Hagar, abandoned in the desert with Ishmael, her son, heard ‘the angel of God’ calling to her: ‘What is wrong Hagar?’ he asked. ‘Do not be afraid, for God has heard the boy’s cry in his plight. Go and pick the boy up and hold him safe, for I shall make him into a great nation’ (Genesis 21:17,18).

Here we have the Bible’s portrayal of God’s first indication that Ishmael was dear to Him and would achieve great things. (See also 16:7-12 and 21:13, 19-21). The Qur’an also tells the story of Abraham, Ishmael and Issac, and though the differences one would expect to find in two entirely separate sources are evident, the story is essentially the same.
We are all called to that place at God’s feet, and whether we are within the Church, on the fringes of it, or outside it, we are called together; our paths, however separated and seemingly irreconcilable, are all heading in the same direction. Much of the troubled disagreement between us arises from the inevitable narrowing of the spaces between our paths as we move inexorably toward a distant convergence.

The descendents of Ishmael are spoken of first in a Vatican II document referring to those who are outside the Church but nevertheless sharing the same call:
‘...the plan of salvation ...includes those who acknowledge the Creator. In the first place amongst these there are the Mohammedans, who, professing to hold the faith of Abraham, along with us adore the one and merciful God, who on the last day will judge mankind.
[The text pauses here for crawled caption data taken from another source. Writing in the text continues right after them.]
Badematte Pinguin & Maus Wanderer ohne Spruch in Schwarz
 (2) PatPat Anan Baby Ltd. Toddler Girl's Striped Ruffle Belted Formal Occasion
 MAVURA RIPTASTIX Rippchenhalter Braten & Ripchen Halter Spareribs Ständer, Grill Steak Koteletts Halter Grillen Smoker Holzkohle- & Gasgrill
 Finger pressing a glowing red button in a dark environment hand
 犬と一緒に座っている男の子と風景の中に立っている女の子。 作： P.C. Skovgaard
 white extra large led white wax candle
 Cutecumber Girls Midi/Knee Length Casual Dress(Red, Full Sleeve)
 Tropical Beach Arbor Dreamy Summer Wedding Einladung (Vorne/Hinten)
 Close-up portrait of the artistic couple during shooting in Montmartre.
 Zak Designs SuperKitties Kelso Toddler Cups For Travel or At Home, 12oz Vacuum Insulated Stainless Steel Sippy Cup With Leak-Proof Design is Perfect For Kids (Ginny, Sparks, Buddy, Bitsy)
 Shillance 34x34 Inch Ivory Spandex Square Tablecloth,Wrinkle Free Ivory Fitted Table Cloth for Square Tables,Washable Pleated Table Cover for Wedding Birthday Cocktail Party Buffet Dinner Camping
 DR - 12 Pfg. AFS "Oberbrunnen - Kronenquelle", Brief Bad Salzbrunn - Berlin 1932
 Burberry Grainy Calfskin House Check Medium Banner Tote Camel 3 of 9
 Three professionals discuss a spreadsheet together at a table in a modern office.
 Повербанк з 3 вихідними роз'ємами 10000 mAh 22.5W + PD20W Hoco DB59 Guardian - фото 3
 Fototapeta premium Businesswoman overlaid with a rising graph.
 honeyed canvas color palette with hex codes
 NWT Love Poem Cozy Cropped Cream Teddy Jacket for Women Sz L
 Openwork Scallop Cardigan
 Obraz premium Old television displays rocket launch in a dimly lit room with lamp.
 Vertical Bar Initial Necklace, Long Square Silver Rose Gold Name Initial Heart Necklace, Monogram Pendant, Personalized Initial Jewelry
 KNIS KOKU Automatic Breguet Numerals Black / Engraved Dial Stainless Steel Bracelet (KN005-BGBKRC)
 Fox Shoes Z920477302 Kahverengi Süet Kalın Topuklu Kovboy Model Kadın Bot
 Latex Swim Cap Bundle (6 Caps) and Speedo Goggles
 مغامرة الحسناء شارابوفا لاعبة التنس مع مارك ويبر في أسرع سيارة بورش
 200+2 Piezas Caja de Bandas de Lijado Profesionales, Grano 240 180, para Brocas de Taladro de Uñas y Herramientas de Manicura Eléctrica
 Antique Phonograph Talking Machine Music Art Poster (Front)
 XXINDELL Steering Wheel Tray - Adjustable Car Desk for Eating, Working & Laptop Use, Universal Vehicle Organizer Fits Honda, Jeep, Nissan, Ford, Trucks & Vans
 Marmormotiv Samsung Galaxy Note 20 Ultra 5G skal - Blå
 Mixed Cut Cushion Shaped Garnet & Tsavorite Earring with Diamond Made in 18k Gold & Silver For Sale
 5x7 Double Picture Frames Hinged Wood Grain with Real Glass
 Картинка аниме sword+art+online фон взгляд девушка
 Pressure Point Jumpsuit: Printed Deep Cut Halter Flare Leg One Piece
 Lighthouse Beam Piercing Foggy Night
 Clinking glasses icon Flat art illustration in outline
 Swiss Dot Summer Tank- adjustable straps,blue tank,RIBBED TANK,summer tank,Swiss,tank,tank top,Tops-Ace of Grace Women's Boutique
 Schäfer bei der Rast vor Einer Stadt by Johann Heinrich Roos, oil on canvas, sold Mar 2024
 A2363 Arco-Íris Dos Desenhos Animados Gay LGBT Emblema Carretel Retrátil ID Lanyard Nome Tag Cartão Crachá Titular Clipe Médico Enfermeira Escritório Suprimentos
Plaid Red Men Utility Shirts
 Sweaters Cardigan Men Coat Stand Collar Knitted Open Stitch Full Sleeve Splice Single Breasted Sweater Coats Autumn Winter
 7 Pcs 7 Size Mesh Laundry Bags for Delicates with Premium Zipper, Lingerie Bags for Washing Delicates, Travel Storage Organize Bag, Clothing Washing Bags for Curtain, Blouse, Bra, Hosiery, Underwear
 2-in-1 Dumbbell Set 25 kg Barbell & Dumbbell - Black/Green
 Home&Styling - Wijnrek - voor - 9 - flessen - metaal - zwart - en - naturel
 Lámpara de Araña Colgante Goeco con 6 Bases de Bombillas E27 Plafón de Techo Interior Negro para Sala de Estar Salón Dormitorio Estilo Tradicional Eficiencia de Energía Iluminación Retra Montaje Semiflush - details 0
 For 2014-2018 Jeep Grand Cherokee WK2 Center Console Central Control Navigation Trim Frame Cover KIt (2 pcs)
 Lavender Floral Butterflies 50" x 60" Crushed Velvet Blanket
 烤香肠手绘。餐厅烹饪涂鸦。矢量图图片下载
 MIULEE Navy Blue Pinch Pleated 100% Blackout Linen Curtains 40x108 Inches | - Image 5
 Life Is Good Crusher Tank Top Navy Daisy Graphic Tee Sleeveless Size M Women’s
Nor is God far distant from those who in shadows and images seek the unknown God, for it is He who gives to all men life and breath and all things, and as Saviour wills that all men be saved. Those also can attain to salvation who through no fault of their own do not know the Gospel of Christ or His Church, yet sincerely seek God and moved by grace strive by their deeds to do His will as it is known to them through the dictates of conscience. Nor does Divine Providence deny the helps necessary for salvation to those who, without blame on their part, have not yet arrived at an explicit knowledge of God and with His grace strive to live a good life. Whatever good or truth is found amongst them is looked upon by the Church as a preparation for the Gospel. She knows that it is given by Him who enlightens all men so that they may finally have life.’ (Lumen Gentium 16.)

Pope John Paul II has also referred to the breadth of inclusiveness that calls for the Church to enfold all of us, however far away or lost we believe ourselves to be.
‘... we need to look further and go further afield, knowing that "the wind blows where it wills," according to the image used by Jesus in his conversation with Nicodemus (John 3:8). The Second Vatican Council, centered primarily on the theme of the Church, reminds us of the Holy Spirit's activity also "outside the visible body of the Church." The council speaks precisely of "all people of good will in whose hearts grace works in an unseen way. For, since Christ died for all, and since the ultimate vocation of man is in fact one, and divine, we ought to believe that the Holy Spirit in a manner known only to God offers to every man the possibility of being associated with this Paschal Mystery." (Dominum et vivificantem 53)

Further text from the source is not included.